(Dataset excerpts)
====
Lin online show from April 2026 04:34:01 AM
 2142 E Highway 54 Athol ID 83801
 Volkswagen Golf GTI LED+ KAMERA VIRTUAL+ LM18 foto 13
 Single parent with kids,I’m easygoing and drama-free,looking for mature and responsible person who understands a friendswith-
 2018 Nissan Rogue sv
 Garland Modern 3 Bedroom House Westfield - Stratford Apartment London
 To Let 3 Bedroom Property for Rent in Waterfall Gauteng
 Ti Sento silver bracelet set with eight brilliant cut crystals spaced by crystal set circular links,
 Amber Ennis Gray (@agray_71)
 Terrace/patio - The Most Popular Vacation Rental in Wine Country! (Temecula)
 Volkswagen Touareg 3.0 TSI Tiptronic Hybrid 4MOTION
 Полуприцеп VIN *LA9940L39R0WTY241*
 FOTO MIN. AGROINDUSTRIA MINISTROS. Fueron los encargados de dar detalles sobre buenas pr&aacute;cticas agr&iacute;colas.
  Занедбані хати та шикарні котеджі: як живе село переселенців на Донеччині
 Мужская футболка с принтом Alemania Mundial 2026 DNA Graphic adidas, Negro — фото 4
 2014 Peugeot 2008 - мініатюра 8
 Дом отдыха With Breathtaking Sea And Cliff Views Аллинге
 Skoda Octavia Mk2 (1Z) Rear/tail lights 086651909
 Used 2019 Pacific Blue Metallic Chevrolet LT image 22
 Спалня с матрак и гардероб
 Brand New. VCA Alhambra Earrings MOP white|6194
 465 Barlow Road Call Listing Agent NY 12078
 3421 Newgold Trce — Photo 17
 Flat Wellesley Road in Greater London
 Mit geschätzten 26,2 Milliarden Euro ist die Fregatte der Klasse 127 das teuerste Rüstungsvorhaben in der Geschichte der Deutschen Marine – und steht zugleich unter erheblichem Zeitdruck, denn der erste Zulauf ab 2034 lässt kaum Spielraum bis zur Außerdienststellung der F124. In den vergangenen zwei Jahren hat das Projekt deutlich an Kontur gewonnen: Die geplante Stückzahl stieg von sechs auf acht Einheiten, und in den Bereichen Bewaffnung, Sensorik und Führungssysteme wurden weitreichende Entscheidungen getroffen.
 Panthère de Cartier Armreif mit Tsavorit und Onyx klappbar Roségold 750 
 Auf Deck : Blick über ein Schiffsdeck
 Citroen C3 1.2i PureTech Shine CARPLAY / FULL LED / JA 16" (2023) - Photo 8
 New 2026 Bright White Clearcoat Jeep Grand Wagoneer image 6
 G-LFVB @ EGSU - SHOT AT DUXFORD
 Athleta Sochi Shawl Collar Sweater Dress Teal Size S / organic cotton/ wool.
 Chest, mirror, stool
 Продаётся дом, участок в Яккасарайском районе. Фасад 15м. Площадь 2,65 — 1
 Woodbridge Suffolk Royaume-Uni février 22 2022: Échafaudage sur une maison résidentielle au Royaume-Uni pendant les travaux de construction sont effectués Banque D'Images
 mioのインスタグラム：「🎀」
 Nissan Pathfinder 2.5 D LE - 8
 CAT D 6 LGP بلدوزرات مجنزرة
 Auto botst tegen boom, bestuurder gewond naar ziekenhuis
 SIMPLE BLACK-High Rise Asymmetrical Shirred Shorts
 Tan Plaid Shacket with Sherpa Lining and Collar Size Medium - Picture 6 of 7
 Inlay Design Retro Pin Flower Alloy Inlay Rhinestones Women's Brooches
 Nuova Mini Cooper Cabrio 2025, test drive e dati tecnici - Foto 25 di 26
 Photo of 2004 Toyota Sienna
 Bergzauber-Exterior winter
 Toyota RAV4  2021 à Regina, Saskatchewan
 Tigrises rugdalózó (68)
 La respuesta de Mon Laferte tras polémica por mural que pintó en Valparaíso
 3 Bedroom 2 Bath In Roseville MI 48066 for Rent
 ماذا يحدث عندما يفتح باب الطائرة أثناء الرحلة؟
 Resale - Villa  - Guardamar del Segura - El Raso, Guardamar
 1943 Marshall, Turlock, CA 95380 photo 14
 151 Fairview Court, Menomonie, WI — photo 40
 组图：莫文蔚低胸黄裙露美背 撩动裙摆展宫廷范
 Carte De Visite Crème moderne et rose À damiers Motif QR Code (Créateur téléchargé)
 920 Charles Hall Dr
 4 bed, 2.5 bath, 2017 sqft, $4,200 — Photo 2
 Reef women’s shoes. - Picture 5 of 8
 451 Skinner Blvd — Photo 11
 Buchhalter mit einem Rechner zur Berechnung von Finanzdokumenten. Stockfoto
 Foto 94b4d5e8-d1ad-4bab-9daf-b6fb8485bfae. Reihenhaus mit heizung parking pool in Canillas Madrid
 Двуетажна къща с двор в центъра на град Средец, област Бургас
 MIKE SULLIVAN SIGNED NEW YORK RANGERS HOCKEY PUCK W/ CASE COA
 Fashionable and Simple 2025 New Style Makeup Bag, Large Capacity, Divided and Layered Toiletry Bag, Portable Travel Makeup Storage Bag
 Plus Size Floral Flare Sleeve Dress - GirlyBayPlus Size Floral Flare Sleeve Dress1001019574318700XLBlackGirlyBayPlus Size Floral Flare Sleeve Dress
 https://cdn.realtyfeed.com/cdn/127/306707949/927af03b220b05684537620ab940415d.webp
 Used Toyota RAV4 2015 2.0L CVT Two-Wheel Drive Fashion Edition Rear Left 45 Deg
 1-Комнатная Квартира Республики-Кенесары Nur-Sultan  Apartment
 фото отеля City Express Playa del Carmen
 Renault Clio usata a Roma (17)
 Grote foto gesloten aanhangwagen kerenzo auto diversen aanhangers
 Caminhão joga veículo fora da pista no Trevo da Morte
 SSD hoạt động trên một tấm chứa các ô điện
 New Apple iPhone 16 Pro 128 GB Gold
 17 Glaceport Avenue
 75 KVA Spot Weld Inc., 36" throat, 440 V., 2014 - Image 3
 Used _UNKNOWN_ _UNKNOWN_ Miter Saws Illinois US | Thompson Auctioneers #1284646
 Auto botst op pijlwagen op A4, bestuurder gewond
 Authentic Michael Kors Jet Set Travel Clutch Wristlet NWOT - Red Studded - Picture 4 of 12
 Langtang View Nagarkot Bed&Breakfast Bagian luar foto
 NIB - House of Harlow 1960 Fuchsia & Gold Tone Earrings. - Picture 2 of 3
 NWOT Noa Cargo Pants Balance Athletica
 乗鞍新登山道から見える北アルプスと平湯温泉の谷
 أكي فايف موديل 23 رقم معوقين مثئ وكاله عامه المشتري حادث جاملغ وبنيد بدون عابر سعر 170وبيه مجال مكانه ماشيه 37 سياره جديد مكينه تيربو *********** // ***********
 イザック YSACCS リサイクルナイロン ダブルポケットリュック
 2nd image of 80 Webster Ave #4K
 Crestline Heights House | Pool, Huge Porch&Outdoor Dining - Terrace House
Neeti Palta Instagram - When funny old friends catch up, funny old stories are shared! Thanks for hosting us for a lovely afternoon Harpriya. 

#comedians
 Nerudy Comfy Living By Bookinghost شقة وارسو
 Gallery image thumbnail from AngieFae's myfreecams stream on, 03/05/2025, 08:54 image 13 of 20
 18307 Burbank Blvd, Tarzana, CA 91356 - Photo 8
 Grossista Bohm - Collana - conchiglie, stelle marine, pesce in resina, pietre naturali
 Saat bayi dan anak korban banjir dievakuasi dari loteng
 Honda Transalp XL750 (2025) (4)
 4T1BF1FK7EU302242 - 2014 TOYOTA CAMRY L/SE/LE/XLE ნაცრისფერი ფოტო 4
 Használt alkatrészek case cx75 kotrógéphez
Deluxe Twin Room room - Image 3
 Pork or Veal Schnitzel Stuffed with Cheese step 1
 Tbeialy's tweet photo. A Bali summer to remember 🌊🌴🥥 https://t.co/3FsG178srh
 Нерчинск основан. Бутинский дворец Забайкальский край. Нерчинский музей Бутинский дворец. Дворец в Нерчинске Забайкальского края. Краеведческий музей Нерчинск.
====
Task goal:
Which lines hold the word "https"? Return all of them from the records above.

The completed task:
 https://cdn.realtyfeed.com/cdn/127/306707949/927af03b220b05684537620ab940415d.webp
 Tbeialy's tweet photo. A Bali summer to remember 🌊🌴🥥 https://t.co/3FsG178srh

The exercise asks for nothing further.